Variceal bleeding is a frequent and serious complication of cirrhosis and efforts to reduce mortality from this complication are important. As initiation and type of variceal bleeding prophylaxis is dependent upon EGD results, efforts to increase the uptake of EV screening by EGD could lead to better outcomes for individuals at high risk of variceal hemorrhage. As we identified that access to GI/Hepatology care was associated with EV screening, improving linkage to specialists would likely result in improved adherence to screening guidelines. Additionally, educational tools or best practice alerts for primary care providers caring for patients with cirrhosis may be a strategy to improve adherence to EV screening and could facilitate referral to GI/hepatology providers. Our results also support the need for further validation of noninvasive testing—such as liver and spleen stiffness [19, 22]—for high-risk EV in patients with cirrhosis and, if determined to be clinically useful, may provide another method to increase EV screening and/or provide primary prophylaxis in the absence of EV screening in the cirrhotic population.

Supplementary Material

Suppl

NIHMS767851-supplement-Suppl.pdf^{(187.2KB, pdf)}

Acknowledgments

The authors would like to thank Dr.

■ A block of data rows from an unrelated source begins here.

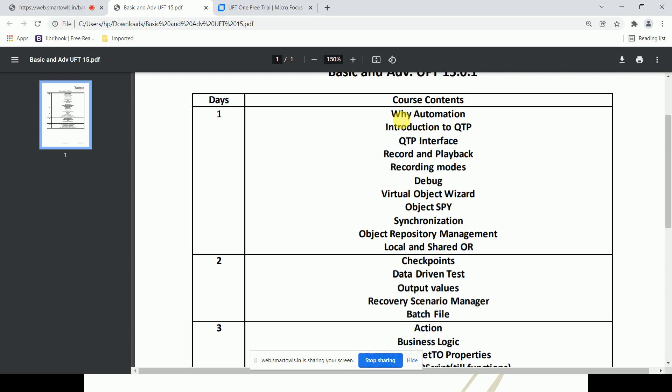We'll also discuss object repository management in detail — what is the object repository, and what are the different types: local and shared object repositories. Then checkpoints, which are validation points where we can verify expected versus actual results using different types of checkpoints.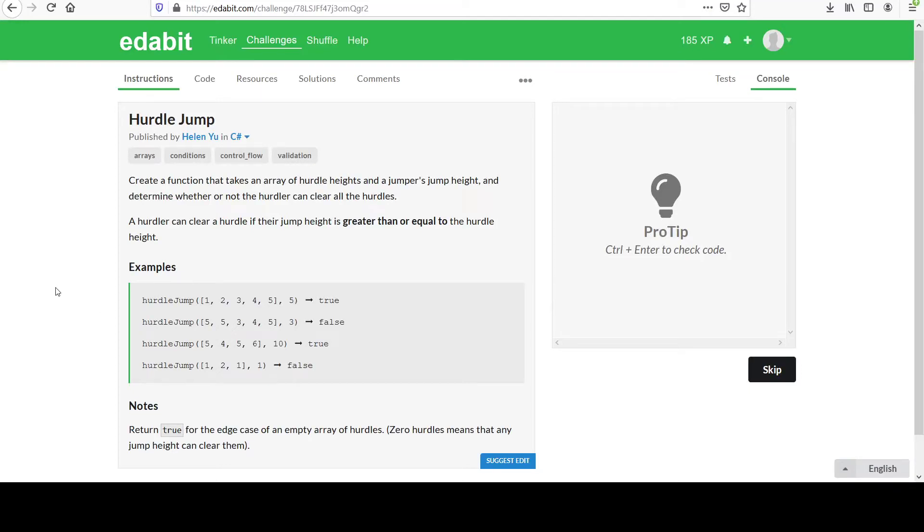Your next challenge is entitled hurdle jump. You are to create a function that takes an array of hurdle heights and a jumper's jump height and determine whether or not the hurdler can clear all the hurdles.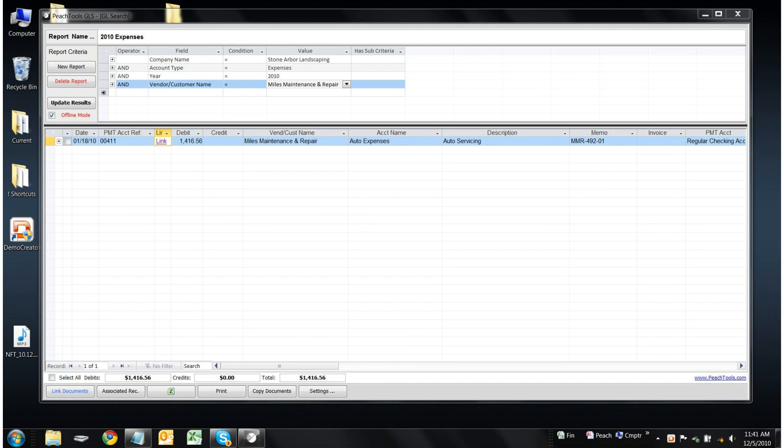Hello, my name is Florian, I'm with peachtools.com, and today I'd like to share with you some of the functionality of our PeachTools GLS reporting software for Peachtree accounting.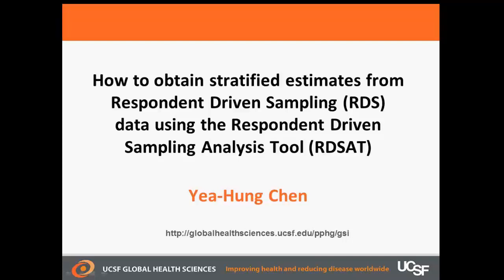Hi, my name is Yehung Chen. I'm with the University of California, San Francisco, Global Health Sciences.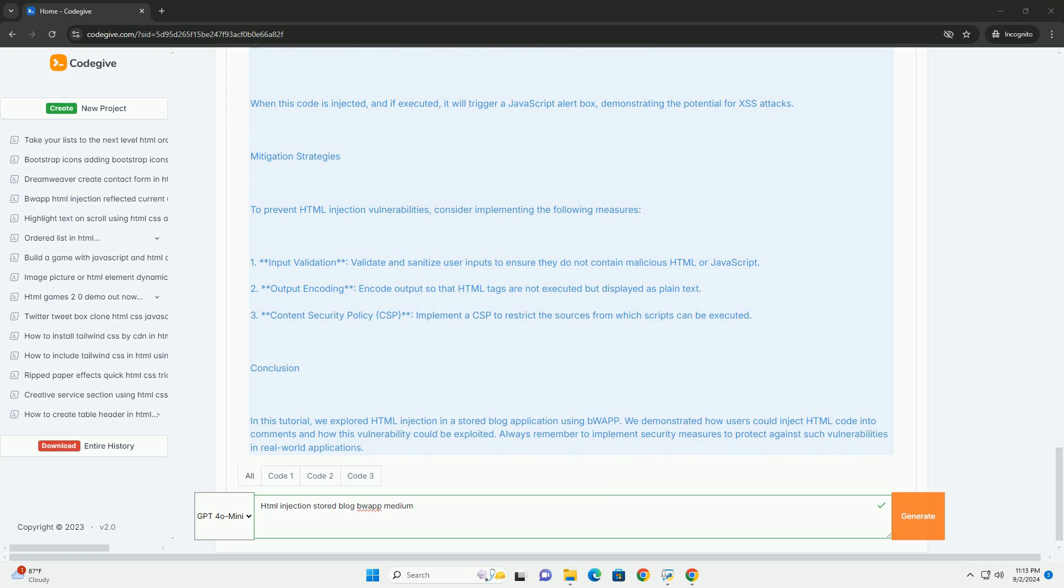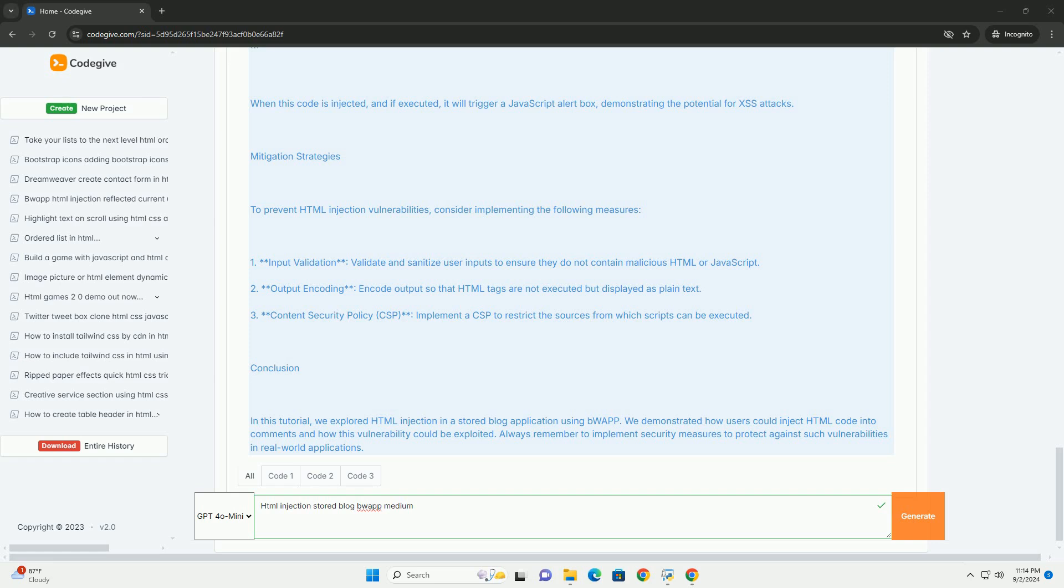To mitigate HTML injection vulnerabilities, developers should implement robust input validation and sanitization techniques. This involves stripping out or encoding harmful elements before storing user inputs. Additionally, using security best practices like content security policies can help in preventing the execution of malicious scripts, thereby protecting users and maintaining the integrity of the web application.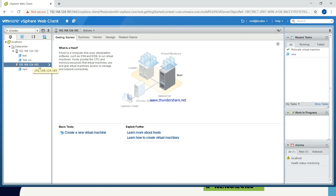This is how we can migrate a virtual machine from one ESX server to another ESX server. Thank you very much for watching this video. Please subscribe to the channel and like the other videos also. Thank you, see you again.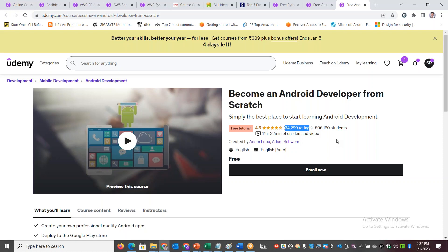All the best. Happy learning. Thank you for supporting the Skill Up with Stan channel.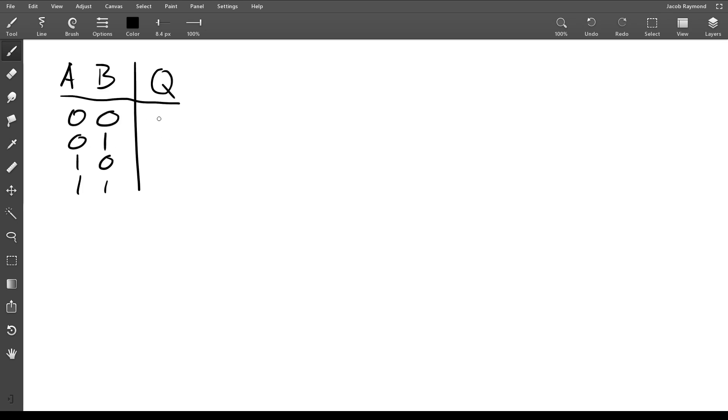So let's say our circuit is this here. Now you want to come up with an equation for that. What you're going to do is look at all the rows where there's a one, and where there's a one you want to look at what A and B are.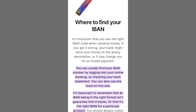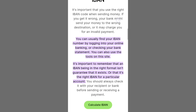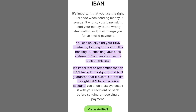Next, pinpoint the currency balance for which you require the IBAN, be it dollars, euros, or any other currency within your Wise account. Within the chosen currency balance, search for options like account details or receive. Click on this, and you'll find the essential details, including your IBAN number.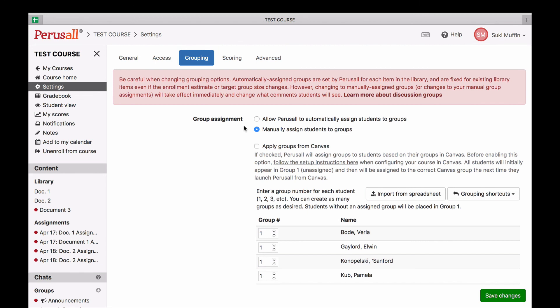To summarize, it's best to use the manual group option if you want students to stay in the same groups throughout the course. If you want students to interact with different groups of students throughout the course, it's best to use the automatic groups option.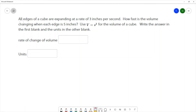For this question, all of the edges of a cube are expanding at a rate of three inches per second. How fast is the volume changing when each edge is five inches? Use V equals s cubed — that's the volume equals the side cubed — for the volume of a cube. Write the answer in the first blank and the units in the other blank, so we want the rate of change of volume and its units.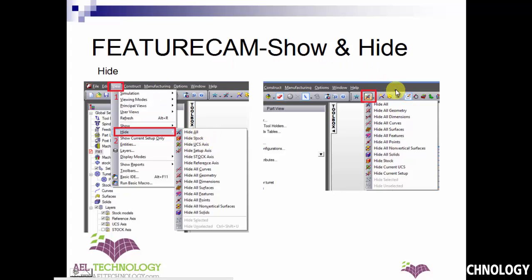Similarly, on the advanced toolbar there is a hide icon — the same icon used for show but crossed out — indicating that we are hiding. Click on it, all the hide options will pop up, and you select whatever you want to hide. For example, if you want to hide all features, click on hide all features. Now I'll show you how to do all these things in FeatureCam. See you in the next video.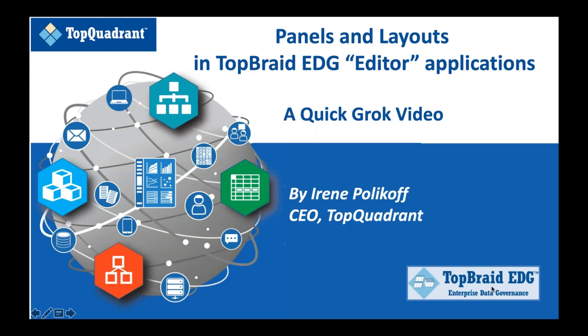Hello, in today's video we will talk about panels and layouts in TabRed Edge editor applications. First of all, what are the editor applications in TabRed Edge?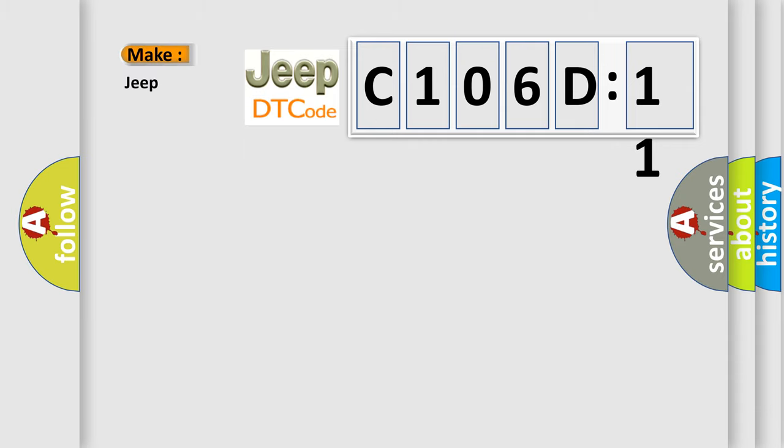So, what does the diagnostic trouble code C106D11 interpret specifically for Jeep car manufacturers?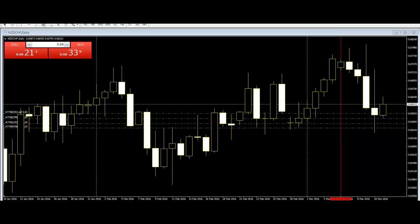The individual building block of a bar chart is a single bar. Drawing a single bar requires an opening price, a high, a low, and a closing price. The vertical line shows the high and low of that period.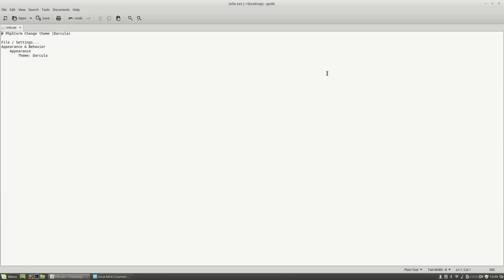Hello, I'm Liviu Balan and today I will show you how to change the default theme on PHPStorm to the Darkula theme. So, let's get started.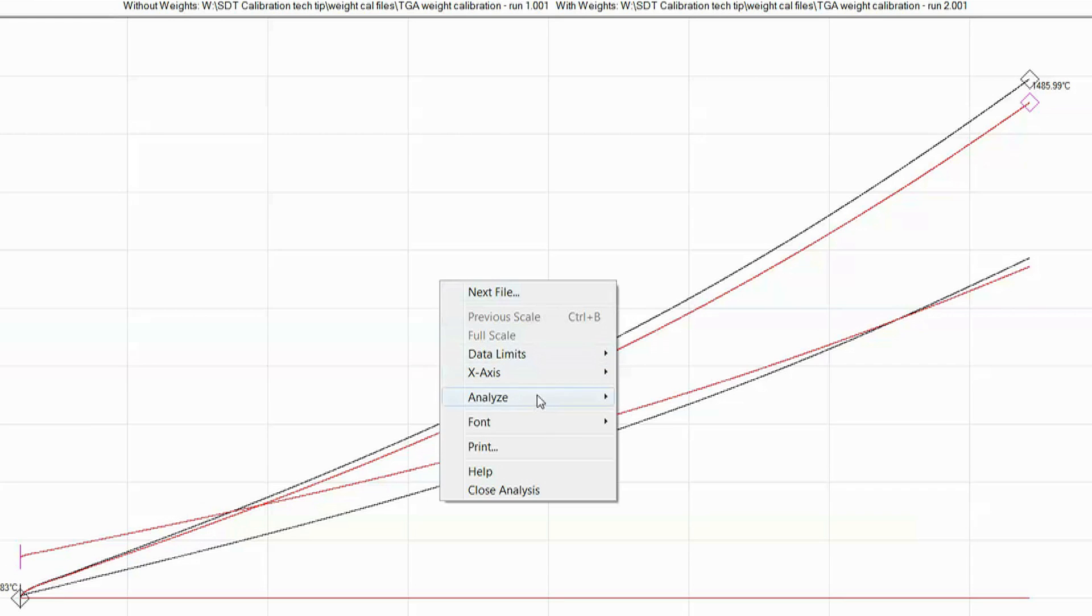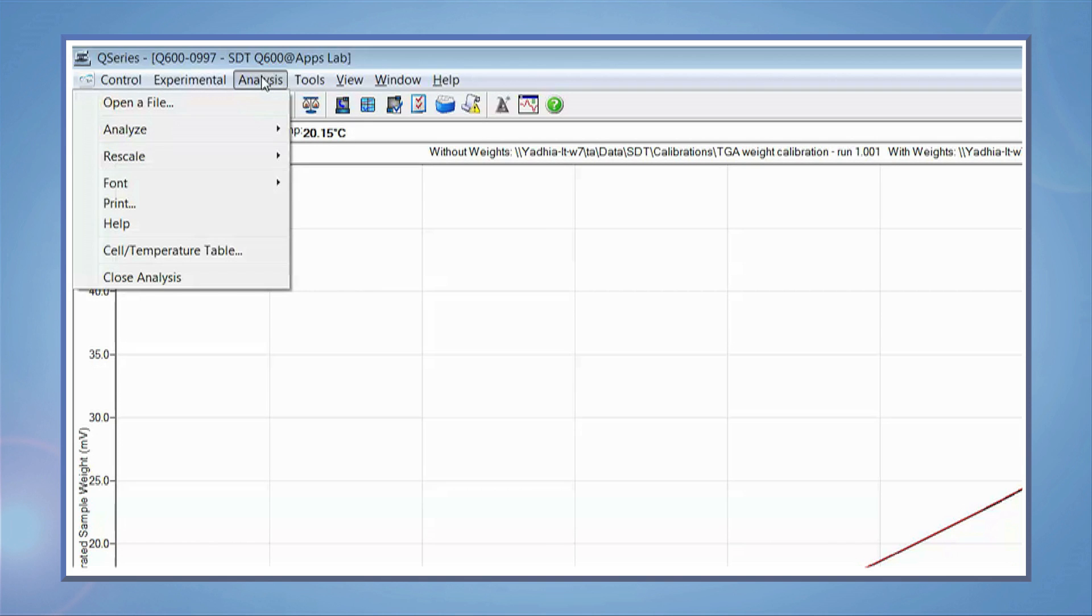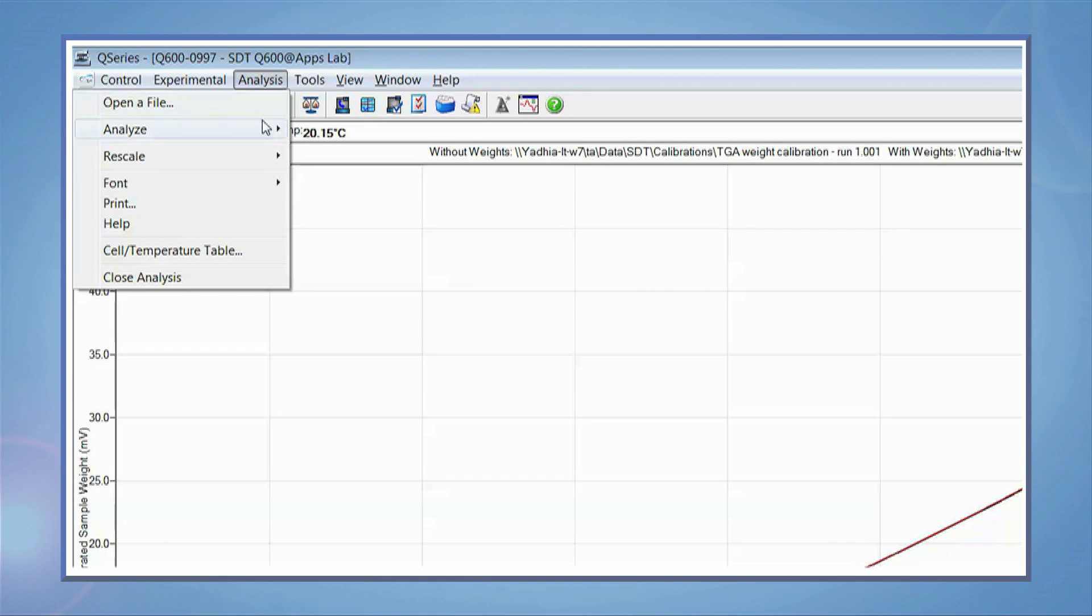Right click on the screen again and select analyze, accept results. Close the analysis to return back to the experiment window.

David Goldberg for his expertise and suggestions regarding the VA CCR. This study was supported in part by the Canadian Association for the Study of the Liver (CASL)/Merck Clinical Hepatology Fellowship (JAF). This publication was also supported by the National Center for Advancing Translational Sciences, National Institutes of Health, through UCSF-CTSI Grant Number KL2 TR000143. Its contents are solely the responsibility of the authors and do not necessarily represent the official views of the NIH.

Footnotes

Electronic supplementary material The online version of this article (doi:10.1007/s10620-015-3865-8) contains supplementary material, which is available to authorized users.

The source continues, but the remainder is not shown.